Lesson 38 expands our understanding of what A Course in Miracles means when it uses the world “holiness.” It is the means by which we transcend our limited experience of self, body and world.
Your holiness reverses all the laws of the world. It is beyond every restriction of time, space, distance and limits of any kind. Your holiness is totally unlimited in its power because it establishes you as a Child of God, at one with the Mind of their Creator (W-pI.38.1:1-3).
The latter phrase is the key: the power of holiness arises in and as our indivisible unity with our Creator. Holiness is the natural condition of God’s creation; therefore, its power is absolute. There is nothing it cannot accomplish.
Your holiness, then, can remove all pain, can end all sorrow, and can solve all problems. It can do so in connection with yourself and with anyone else. It is equal in its power to help anyone because it is equal in its power to save anyone (W-pI.38.2:4-6).
Notice that this assurance is abstract and general; it does not suggest the specific formal solution to problems, including pain and sorrow. It simply unconditionally promises to end all pain and sorrow.
This matters because our tendency is to use our holiness to double down on the very error our holiness would correct: the notion that we are vulnerable bodies in the world. So we might, for example, assert that our holiness will undo a diagnosis of cancer (or own or anybody else’s) or help us lose weight or find a new friend.
In other words, ego interprets those lines about our holiness in terms of what it will get. Yet from the perspective of spirit, it is indicative of how much we can give.
Only those who have a true and lasting sense of abundance can be truly charitable . . . to the ego, to give anything implies that you will to do without it. .. . . “Giving to get” is an inescapable law of the ego . . . (T-4.II.6:1, 3 and 5).
In fact, what our holiness does is establish the illusory nature of world and body by emphasizing its sameness. It is this sameness that allows us to transcend the particular identification with this or that aspect of living in the world and instead release them all in a single movement.
If you are holy, so is everything God created. You are holy because all things He created are holy. And all things He created are holy because you are (W-pI.38.3:1-3).
Can we give attention to holiness and its source, rather than the world and the self that are outside of us? We get excited about the “nothing holiness cannot do” and skip over the slippery pronoun “my.”
Who is the “my, myself and I” contemplated by the lesson? Is it the egoic self, trapped in a body, at risk of loss and sacrifice in a cruel and indifferent world?
Or is it God’s creation before which this “world” and all its contents are merely an illusion?
Ego will argue for the former, but the latter is gently confirmed as truth by the Holy Spirit. We have “dominion over all things” because we are not bodies and there is no world.

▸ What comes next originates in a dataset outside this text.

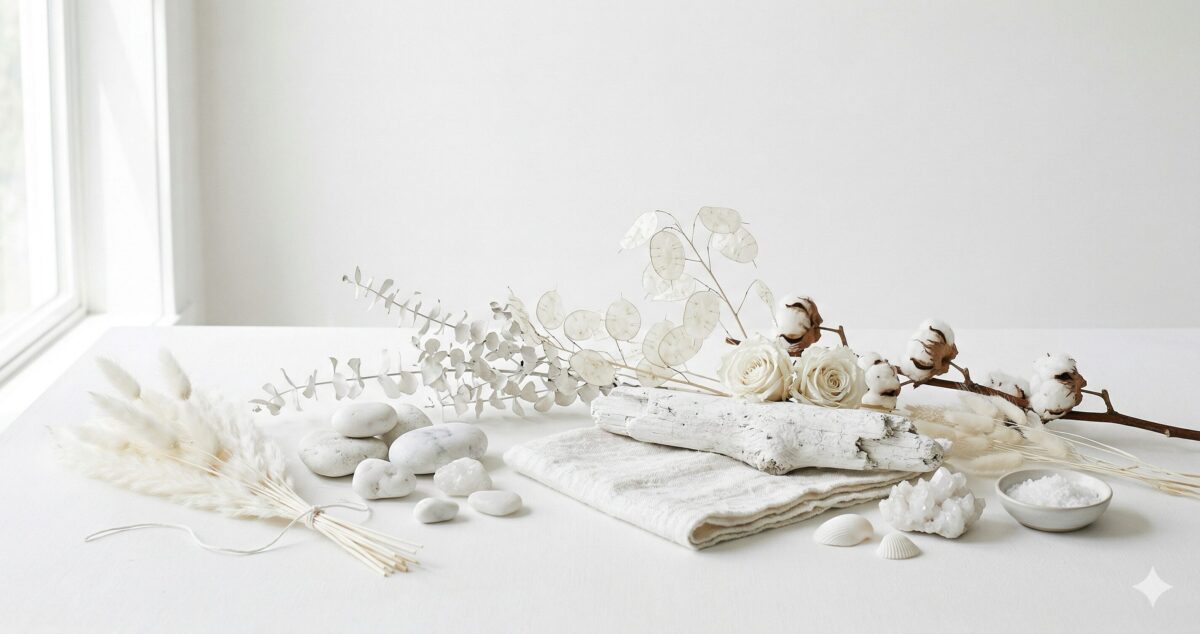白いドライフラワーと石、木や布が置かれた白い机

Thus, this lesson is not about improving and empowering the self we mistakenly believe is real, but rather gently introducing us to what we are in truth which is far beyond bodies and world and the apparent troubles they entail.
When we do this lesson, can we give attention less to the body and world that as so long vexed us, and more to the holiness itself? This will gently restore to our memory our actual identity as God’s creation, which itself begets all the peace and joy for which we so long.